(Short web captions)
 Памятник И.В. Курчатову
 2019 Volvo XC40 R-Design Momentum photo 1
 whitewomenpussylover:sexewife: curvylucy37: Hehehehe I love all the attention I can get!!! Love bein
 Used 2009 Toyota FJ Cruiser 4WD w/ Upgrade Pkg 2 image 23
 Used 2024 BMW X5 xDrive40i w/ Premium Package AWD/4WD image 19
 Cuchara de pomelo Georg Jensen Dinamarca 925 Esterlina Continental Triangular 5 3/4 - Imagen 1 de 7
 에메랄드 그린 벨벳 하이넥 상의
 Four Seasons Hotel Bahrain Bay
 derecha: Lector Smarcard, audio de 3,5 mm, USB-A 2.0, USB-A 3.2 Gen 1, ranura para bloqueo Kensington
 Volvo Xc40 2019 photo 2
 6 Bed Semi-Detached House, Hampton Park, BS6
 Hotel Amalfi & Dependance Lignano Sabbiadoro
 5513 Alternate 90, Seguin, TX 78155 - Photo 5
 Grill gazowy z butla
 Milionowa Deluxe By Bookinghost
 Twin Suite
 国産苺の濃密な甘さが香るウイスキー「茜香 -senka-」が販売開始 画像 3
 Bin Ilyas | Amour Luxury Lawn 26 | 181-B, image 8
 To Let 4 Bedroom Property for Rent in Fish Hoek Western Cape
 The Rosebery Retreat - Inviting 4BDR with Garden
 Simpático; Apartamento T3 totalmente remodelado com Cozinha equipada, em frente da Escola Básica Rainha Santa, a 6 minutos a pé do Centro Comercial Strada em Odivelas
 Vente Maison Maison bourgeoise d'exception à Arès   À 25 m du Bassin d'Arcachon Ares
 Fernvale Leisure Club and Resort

* **ABOUT THIS TASK**:
Please copy only the lines between the first line of the entries and the line with "Hotel Amalfi & Dependance Lignano Sabbiadoro", keeping those two end lines as well, exactly as written.

* **WRITTEN RESPONSE**:
 Памятник И.В. Курчатову
 2019 Volvo XC40 R-Design Momentum photo 1
 whitewomenpussylover:sexewife: curvylucy37: Hehehehe I love all the attention I can get!!! Love bein
 Used 2009 Toyota FJ Cruiser 4WD w/ Upgrade Pkg 2 image 23
 Used 2024 BMW X5 xDrive40i w/ Premium Package AWD/4WD image 19
 Cuchara de pomelo Georg Jensen Dinamarca 925 Esterlina Continental Triangular 5 3/4 - Imagen 1 de 7
 에메랄드 그린 벨벳 하이넥 상의
 Four Seasons Hotel Bahrain Bay
 derecha: Lector Smarcard, audio de 3,5 mm, USB-A 2.0, USB-A 3.2 Gen 1, ranura para bloqueo Kensington
 Volvo Xc40 2019 photo 2
 6 Bed Semi-Detached House, Hampton Park, BS6
 Hotel Amalfi & Dependance Lignano Sabbiadoro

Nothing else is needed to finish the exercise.